It’s generally believed that games have a formative influence on children’s upbringing. They probably do, though I suspect the influence games exert is mainly indirect.
Thus I don’t think that a boy playing rugby at school will necessarily grow up throwing flying tackles in Piccadilly. But he may learn to grin and bear it when things are tough, depend on others and let them depend on him, play fairly by the rules whatever the situation, not shy away from a challenge and so forth.
This is perhaps what the Duke of Wellington meant when revisiting his alma mater Eton towards the end of his life. Pointing at a playing field, the Duke is reported to have exclaimed, “It is here that the battle of Waterloo was won!”
When queried on this later, Wellington repudiated his own maxim: “The battle of Waterloo, Sir,” he said, “was won by the scum of the earth!” Presumably his two statements referred to different groups of people, though sometimes one wonders, especially when observing our PM in action.
Be that as it may, George Orwell who, apart from writing, dedicated his life to atoning for his Etonian childhood, put his customary socialist spin on the Iron Duke’s statement: “‘Probably the battle of Waterloo was won on the playing-fields of Eton, but the opening battles of all subsequent wars have been lost there.”

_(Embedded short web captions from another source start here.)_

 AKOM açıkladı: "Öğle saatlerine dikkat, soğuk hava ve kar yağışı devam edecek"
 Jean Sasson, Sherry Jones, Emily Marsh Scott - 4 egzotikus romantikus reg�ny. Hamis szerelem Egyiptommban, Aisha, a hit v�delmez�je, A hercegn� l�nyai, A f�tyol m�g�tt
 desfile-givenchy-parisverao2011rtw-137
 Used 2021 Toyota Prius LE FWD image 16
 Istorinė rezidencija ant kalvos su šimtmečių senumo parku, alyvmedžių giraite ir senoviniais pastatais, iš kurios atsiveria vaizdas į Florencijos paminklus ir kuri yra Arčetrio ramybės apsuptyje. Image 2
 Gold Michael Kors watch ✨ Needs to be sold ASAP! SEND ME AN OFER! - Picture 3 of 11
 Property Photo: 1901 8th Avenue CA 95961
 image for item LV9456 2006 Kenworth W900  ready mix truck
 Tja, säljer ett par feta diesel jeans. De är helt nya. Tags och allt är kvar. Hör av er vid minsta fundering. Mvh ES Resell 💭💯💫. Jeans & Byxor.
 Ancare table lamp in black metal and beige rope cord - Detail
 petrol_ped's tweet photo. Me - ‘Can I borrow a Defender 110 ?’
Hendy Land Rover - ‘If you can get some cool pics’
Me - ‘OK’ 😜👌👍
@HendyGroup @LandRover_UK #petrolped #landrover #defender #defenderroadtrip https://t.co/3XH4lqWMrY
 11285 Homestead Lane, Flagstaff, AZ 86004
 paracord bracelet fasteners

Without disputing this statement, or indeed trying to understand it, let’s just say that one way or the other both men clearly believed that games are valuable educational tools.
Hence it’s interesting if futile to imagine what they’d make of Britain’s top-selling video game Grand Theft Auto.
What brought the game to my attention was a complaint by a friend who’s blessed (or, depending on your point of view, cursed) with having a small son. Since these days little tots can’t survive without computer games in general, and Grand Theft Auto in particular, she felt compelled to buy a version of the game.
One fine evening, however, she peeked over her son’s shoulder and immediately confiscated the DVD. This of course may be regarded as child abuse in some quarters, and my friend is lucky that her son seems to be too young to contact the authorities. Anyway, I decided to have a look.
The game unfolds in three cities, Liberty City, Vice City and San Andreas, transparent aliases for New York, Miami and Los Angeles. Even though the game was put together mainly by British designers, the US flavour, apart from being essential to sales ($30 million so far), is usually seen as aspirational in Britain.
So what should the little ones aspire to? The principal character of the game either steals or, more typically, carjacks a vehicle.
In the latter case, the original owner is either shot point-blank with a sawn-off shotgun or else thrown out of the car once our hero has cranked it up to a speed guaranteed to cause serious injury, possibly death.
He then goes on a high-speed slalom compared to which the celebrated car-chase scene from The French Connection looks like an old woman driving her Morris Minor to a supermarket.
In the process the carjacker kills uncountable pedestrians, knocks babies’ prams up in the air, bounces off trees, pylons, other cars, ambulances and groups of schoolchildren.
Since such fun can’t be had in silence, he tunes the car radio to his favourite station, featuring mainly rap or some such. The words of his chosen masterpieces are hard to make out, except in one song, where the same line is repeated ad nauseam: “What the f*** is the problem?”
The question sounds rhetorical: the problem self-evidently is the stupefying tune that has none of the lyrics’ subtlety and aesthetic refinement. It’s good to see that music, or what passes for it nowadays, isn’t impervious to progress.
Moving right along, our hero’s rather eccentric driving (at times animated by the alcohol he consumes with relish) draws the attention of police, who give chase.
Undaunted, the children’s role model drives some cop cars off the road, where they explode with a satisfying bang, and fires his shotgun at others. His sawn-off doesn’t seem to need reloading, but this is a game after all – some poetic licence is to be expected.
In one instance the role model shakes his pursuers, stops by a phone booth and calls the police, reporting a fictitious crime and giving his address. When a police car arrives, he shoots the officers, hops into their car, turns the siren on and resumes the fun, with more pedestrians and pieces thereof hit 20 feet up in the air.
What I find especially attractive is the absence of any obvious pecuniary motive. By the end of the spin, the car is in no fit state to be sold for anything other than scrap. But our hero doesn’t care: no heartless materialist, he.
His payoff isn’t fiscal but amorous: he picks up a prostitute and consummates his pent-up passion in a refreshingly graphic way. One sequence features full-frontal male nudity; in another our hero saves himself some cash by killing the prostitute afterwards, as one does. Now I’ve heard of post-coital aggression, but this seems to be a bit excessive.
And so on. Grand Theft Auto continues its upward march through, and beyond, all the sales charts. This in spite of numerous lawsuits filed against the game in all sorts of countries – and variously imaginative crimes believed to have been inspired by Grand Theft Auto.
As I said before, I’m not sure if games or TV programmes can have such a direct effect. But even if Grand Theft Auto only has an indirect one, lock up your children, tell them to play hide and seek instead – and keep your fingers crossed that the social doesn’t hear about this.